Come on everybody let’s help inspire the future.

  • Yes, but executed according to a industry standard specification. For instance, the recent EICR specification outlined by John Peckham would be ideal.

  • Totally agree.  An EICR from the Van is about as accurate/useful as no EICR or an outdated one.  The electrical industry needs to talk to the rental industry and make them aware what an EICR is and does.  They should also help explain the time needed for an EICR properly.  Eg a 2 bed flat maybe 2 to 3 hours and the avarage 3 bed semi about half a day.  The expected cost should also be discussed as in the SE of England an electrician should be earning about £200 to £400 a day.  Eg a small electrical business or a self employed domestic spark.

    Estate agents that DEMAND an EICR for a 3 bed semi for about £100 is not tenable likewise a 2 bed flat for £50.  This would mean something like 6 time 2 bed flat a day for an Electrician to EICR to earn a reasonable wage.

  • Probably recommend, not make mandatory, if as shown in the post below, if it cannot be done well enough at a suitable cost/ value point for those at the bottom end of society- where does the  money to pay for this super service come from after all ?

    Presumably something else is not happening instead, and it needs to be at least as valuable as that.

    In the mix to be cut to make way for an EICR are checks of hot water systems, gas fittings, energy efficiency and lead and asbestos surveys, and that's before we get to heating bills, and economizing on food and clothing.

    As a society we need to spend other people's money wisely.


  • I beg to differ there Mike.  I think that social housing should be as safe as PRS housing.  An EICR is not a luxury item nor is Gas safety or is Legionnaires.

    Social housing needs to factor in the build and running cost of these properties.  For me the running costs include the required safety testing.

  • If a standardised specification with mandatory minimum requirements were in place, it could be deemed acceptable for individuals to undertake the work for £50, provided it aligns with the specified EICR criteria. However, I believe this practice would likely be curtailed swiftly.
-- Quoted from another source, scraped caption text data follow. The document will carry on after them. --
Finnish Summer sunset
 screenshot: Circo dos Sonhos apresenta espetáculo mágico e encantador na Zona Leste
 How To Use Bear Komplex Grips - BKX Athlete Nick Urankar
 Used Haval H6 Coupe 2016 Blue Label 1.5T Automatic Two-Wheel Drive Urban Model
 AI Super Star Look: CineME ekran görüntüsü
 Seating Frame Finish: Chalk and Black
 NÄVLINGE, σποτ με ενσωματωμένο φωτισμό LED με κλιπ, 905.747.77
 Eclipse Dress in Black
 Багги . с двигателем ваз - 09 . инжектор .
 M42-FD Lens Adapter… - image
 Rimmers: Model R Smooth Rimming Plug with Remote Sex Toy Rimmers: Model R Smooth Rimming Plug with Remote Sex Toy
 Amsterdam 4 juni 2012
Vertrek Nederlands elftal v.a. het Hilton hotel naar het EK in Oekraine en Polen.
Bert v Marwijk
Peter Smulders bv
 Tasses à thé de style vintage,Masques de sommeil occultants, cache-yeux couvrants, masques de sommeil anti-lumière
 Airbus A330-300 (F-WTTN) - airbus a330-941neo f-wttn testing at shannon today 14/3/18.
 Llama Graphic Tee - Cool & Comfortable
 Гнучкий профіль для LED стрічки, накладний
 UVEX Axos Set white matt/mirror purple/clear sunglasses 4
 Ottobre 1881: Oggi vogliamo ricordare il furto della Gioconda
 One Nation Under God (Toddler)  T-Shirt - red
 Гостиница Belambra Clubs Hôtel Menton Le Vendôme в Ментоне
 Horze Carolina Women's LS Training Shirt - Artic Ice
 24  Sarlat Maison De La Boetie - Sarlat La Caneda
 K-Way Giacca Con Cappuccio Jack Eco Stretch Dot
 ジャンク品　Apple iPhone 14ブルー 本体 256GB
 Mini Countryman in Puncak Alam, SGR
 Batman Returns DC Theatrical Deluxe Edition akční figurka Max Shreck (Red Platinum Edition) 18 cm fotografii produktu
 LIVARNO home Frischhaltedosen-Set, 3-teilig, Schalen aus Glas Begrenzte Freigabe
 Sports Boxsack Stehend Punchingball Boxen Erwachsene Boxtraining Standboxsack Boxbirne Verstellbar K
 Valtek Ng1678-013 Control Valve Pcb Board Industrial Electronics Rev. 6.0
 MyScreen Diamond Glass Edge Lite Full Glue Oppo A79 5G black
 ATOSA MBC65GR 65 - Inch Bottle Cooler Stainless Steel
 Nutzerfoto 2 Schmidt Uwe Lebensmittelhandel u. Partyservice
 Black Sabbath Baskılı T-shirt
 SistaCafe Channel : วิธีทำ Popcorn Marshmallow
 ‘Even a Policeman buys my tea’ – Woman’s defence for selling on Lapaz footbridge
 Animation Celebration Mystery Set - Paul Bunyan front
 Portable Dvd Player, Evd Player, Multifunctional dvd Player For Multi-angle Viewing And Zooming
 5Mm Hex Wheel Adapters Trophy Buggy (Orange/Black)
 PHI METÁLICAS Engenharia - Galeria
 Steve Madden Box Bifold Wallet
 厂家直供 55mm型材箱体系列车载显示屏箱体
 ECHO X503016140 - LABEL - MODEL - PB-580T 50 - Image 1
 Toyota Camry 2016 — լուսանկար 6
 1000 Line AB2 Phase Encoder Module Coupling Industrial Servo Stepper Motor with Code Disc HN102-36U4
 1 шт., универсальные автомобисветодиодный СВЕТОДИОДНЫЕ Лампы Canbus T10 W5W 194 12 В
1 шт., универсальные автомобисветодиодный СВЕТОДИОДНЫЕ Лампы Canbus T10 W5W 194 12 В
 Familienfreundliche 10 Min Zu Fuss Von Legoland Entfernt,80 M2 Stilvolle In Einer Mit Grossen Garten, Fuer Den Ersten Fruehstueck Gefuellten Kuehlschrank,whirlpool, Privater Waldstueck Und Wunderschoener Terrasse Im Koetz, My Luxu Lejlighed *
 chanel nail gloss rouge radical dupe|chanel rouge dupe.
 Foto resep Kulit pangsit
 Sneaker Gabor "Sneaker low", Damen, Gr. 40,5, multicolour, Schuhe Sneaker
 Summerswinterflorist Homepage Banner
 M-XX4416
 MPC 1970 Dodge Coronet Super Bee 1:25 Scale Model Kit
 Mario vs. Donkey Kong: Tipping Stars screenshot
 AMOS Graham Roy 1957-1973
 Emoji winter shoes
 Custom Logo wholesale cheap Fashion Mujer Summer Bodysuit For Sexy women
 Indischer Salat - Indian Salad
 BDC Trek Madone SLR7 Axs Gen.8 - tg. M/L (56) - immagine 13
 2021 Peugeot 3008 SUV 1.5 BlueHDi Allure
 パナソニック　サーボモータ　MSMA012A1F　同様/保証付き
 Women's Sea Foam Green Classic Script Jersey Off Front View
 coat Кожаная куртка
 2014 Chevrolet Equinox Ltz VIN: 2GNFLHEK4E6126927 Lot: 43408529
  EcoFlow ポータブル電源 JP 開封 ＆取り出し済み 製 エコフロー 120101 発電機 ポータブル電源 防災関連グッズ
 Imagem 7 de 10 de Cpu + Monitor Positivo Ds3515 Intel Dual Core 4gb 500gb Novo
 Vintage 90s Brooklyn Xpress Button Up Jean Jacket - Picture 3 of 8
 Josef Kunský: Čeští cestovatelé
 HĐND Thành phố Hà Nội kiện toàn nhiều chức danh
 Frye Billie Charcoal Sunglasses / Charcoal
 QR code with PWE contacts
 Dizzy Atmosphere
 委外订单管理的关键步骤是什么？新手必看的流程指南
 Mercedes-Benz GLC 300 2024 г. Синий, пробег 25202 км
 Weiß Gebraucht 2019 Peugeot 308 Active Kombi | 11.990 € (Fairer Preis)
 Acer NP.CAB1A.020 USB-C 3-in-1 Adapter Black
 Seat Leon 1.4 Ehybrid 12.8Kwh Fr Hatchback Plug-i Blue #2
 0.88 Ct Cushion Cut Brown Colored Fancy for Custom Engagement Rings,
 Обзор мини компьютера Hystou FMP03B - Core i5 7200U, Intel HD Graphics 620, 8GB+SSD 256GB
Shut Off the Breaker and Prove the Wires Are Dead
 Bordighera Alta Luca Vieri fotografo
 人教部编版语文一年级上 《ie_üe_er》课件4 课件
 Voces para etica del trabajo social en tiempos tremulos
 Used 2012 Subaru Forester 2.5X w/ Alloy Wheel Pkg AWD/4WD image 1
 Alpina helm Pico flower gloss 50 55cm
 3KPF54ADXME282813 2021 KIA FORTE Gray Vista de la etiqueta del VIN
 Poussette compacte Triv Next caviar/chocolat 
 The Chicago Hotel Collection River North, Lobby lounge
If it persisted, one would need to question whether these £50 reports are potentially fabricated or these individuals are making a loss.

  • But even if we cannot afford, and already do not seem able to afford actually, to provide enough social housing to meet demand? There has to be a cut off.

    I am not convinced that drive by EICRs do anything at all for the safety of tenants in private rented property ether, and I'm old enough to recall an era pre gas safe checks, when the gas related accident rate was about the same as it is today but the cost was not there - the thing that has really fallen in the last 30 years is the no. of fires caused by smoking.